By default the model is not saving training checkpoints to protect
disk memory, to get them change enable_checkpointing=True in __init__.
Parameters:
| Name | Type | Description | Default |
|---|---|---|---|
dataset | TimeSeriesDataset | NeuralForecast’s TimeSeriesDataset, see documentation. | required |
val_size | int | Validation size for temporal cross-validation. | 0 |
random_seed | int | Random seed for pytorch initializer and numpy generators, overwrites model.init’s. | None |
test_size | int | Test size for temporal cross-validation. | 0 |
| Type | Description |
|---|---|
| None |
Autoformer.predict
Trainer execution of predict_step.
Parameters:
| Name | Type | Description | Default |
|---|---|---|---|
dataset | TimeSeriesDataset | NeuralForecast’s TimeSeriesDataset, see documentation. | required |
test_size | int | Test size for temporal cross-validation. | None |
step_size | int | Step size between each window. | 1 |
random_seed | int | Random seed for pytorch initializer and numpy generators, overwrites model.init’s. | None |
quantiles | list | Target quantiles to predict. | None |
h | int | Prediction horizon, if None, uses the model’s fitted horizon.

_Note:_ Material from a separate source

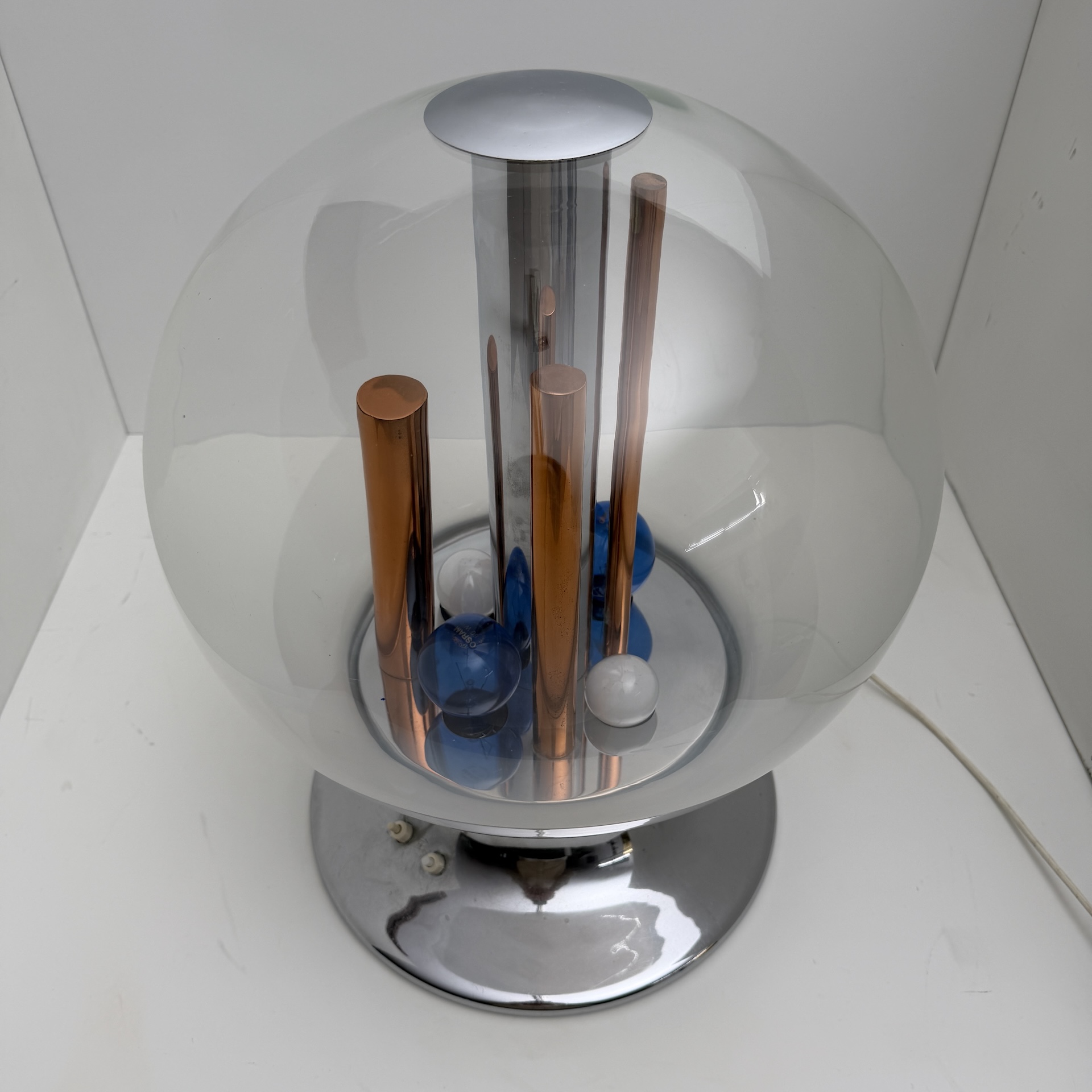 DE-LA-113 Space Age table lamp, Selenova, glass, chrome, copper, Italy, 1970s - Image 7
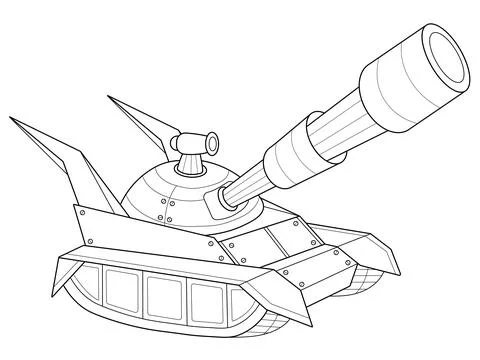 Big bore tank line vector illustration, isolated on white background. top view Stock Illustration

Defaults to None. | None |
explainer_config | dict | configuration for explanations. | None |
**data_module_kwargs | dict | PL’s TimeSeriesDataModule args, see documentation. |
| Type | Description |
|---|---|
| None |
Usage Example
2. Auxiliary functions
Decoder
Module
Autoformer decoder
DecoderLayer
Module
Autoformer decoder layer with the progressive decomposition architecture
Encoder
Module
Autoformer encoder
EncoderLayer
Module
Autoformer encoder layer with the progressive decomposition architecture
LayerNorm
Module
Special designed layernorm for the seasonal part
AutoCorrelationLayer
Module
Auto Correlation Layer
AutoCorrelation
Module
AutoCorrelation Mechanism with the following two phases:
(1) period-based dependencies discovery
(2) time delay aggregation
This block can replace the self-attention family mechanism seamlessly.